Right, so um I have been investigating encrypted chat applications like Whatsapp, Fiber and Signal but not necessarily in their role as gaming adjacent platforms. They may or may not be and that's precisely the point about encrypted chat applications, messaging applications, is that the content in them is encrypted which makes it impossible or near impossible for anyone to know what's happening um inside them. So right now I'm investigating foreign influence um in encrypted messaging apps. Very difficult again because we as researchers and the platforms themselves don't have access to the content shared. Um, we do have some anecdotal evidence from places like India, Brazil and elsewhere that encrypted chat apps are key channels for this dissemination of propaganda. And some extremist recruitment. But that's the very important challenge of encrypted chat apps is they may or may not be facilitating all sorts of harm and we just don't know because again the concept of the content is encrypted.

 

17:26

Kate McNeece

Yeah, that makes perfect sense So we've talked a little bit about how these technologies are susceptible to foreign influence or extremism but are there aspects of the businesses themselves or about how these platforms are trying to monetize their businesses, especially that. You know, disincentivize addressing bad behavior that that lead businesses to kind of turn a blind eye to this type of behavior.

 

17:54

Mariana Olaizola Rosenblat

So Business models differ and the incentives or disincentives for addressing harmful activity vary accordingly – generally detecting abuse takes resources. There is no way around it, companies have to invest in content moderation or other types of moderation and this applies to all interactive media places where users can add content and so forth. The regulatory landscape matters a lot too because when a business tends to suffer legal penalties for doing or not doing something, they have a strong incentive to comply. But in the absence of regulation, incentives for tech companies really cut in both ways. I can just focus on gaming here, as some of the same logic applies to other sectors. But just to add some specificity. 

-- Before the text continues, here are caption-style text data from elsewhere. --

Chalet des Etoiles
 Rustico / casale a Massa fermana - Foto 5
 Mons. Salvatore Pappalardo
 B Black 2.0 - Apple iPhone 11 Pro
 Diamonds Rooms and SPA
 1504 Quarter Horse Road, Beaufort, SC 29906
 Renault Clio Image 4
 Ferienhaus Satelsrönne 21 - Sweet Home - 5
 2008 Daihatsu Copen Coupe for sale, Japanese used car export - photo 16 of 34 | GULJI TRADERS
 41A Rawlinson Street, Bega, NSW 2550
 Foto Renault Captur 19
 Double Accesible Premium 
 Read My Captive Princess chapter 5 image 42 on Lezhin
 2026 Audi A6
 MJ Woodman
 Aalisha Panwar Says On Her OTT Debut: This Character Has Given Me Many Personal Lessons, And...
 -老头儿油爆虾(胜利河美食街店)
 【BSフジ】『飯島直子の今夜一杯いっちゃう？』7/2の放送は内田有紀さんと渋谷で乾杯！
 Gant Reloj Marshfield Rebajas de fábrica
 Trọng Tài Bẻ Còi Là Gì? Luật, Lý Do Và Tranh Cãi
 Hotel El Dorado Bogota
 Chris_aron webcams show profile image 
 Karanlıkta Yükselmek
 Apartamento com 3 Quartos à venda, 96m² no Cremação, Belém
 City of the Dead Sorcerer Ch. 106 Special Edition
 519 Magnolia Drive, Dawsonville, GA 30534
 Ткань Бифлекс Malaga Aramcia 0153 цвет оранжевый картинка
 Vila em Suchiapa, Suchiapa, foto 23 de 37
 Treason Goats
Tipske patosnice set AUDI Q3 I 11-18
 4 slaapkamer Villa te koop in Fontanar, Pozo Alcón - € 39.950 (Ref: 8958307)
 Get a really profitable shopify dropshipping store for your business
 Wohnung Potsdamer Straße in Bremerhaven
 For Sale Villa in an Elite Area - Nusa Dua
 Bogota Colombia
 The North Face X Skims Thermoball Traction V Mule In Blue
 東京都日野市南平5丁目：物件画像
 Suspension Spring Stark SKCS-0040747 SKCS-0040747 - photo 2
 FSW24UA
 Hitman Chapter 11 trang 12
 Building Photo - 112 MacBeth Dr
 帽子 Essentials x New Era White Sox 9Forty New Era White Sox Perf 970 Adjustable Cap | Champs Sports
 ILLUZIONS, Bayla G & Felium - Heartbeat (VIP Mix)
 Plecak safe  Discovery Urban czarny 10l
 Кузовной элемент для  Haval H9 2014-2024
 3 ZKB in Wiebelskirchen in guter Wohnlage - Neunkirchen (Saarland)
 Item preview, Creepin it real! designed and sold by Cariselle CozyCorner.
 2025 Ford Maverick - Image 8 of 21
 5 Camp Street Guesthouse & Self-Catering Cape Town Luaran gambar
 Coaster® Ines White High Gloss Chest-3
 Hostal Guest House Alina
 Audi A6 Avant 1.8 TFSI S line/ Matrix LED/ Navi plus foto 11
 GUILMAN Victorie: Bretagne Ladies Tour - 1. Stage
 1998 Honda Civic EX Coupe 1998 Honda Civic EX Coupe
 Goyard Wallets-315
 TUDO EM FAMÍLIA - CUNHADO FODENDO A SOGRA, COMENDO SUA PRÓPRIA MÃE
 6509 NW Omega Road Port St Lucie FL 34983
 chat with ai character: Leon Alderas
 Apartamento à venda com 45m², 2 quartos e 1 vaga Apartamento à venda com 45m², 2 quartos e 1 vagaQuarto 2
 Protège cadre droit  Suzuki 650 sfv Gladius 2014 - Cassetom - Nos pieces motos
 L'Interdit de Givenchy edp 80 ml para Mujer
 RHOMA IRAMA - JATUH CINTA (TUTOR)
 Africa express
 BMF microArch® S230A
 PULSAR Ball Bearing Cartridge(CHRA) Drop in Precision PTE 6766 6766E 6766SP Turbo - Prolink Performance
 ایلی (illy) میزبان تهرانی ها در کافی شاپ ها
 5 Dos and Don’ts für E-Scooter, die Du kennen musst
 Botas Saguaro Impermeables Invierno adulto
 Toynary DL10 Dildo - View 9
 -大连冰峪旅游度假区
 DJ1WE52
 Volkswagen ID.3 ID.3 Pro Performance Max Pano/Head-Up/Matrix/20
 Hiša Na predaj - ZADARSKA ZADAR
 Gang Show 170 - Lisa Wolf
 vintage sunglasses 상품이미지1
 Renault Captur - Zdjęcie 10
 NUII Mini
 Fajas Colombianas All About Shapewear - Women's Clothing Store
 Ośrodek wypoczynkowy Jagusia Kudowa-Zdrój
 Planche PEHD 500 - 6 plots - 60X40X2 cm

Game companies have incentives to grow their user base as much as possible. Some games – a lot of games – are free to play but as a result the companies monetize in different ways. The most common ways to make money in gaming is through in-game purchases, say advanced weapons or so-called skins, these are cosmetic enhancements for avatars, and virtual personalities. And access to premium content. So companies have a strong incentive to enlarge their user base and to keep that user base. 

And here's where the incentives diverge a little bit. In gaming there's that traditional kind of core constituency that's traditionally averse to moderation and greater inclusivity in games. This is like the you know. Prototypical gamer, white male, teenage, they’re kind of rebellious, that that's definitely a stereotypical picture, but it's true that that forms sort of the core constituency of video games traditionally the demographics have changed a ton. More women – at least in the US they form like 48% of gamers. And it's become more and more diverse ethnically, in terms of gender and so forth. So companies want to keep their core demographic but they also need to increasingly cater to a growing diverse user base. There was a recent controversy that's kind of very tangible here, that's the Sweet Baby Inc. Controversy –  I don't know if you followed that one.

 

20:42

Kate McNeece

I don't know about that one. I remember hearing about the Gamergate controversy which I think was sort of on those topics where they were I guess stalking female video game journalists and putting their addresses online and things and harassing them but I haven't heard of this other one.

21:00

Mariana Olaizola Rosenblat

Exactly well, this recent one is sort of like the new iteration of Gamergate – it was smaller in scale but it implicated a Canadian video game narrative development company. So I think maybe relevant to your Canadian audience, where this videogame narrative development company was accused by a group of gamers – this happened like a month ago or less – of forcing “wokeism” into the gaming industry. 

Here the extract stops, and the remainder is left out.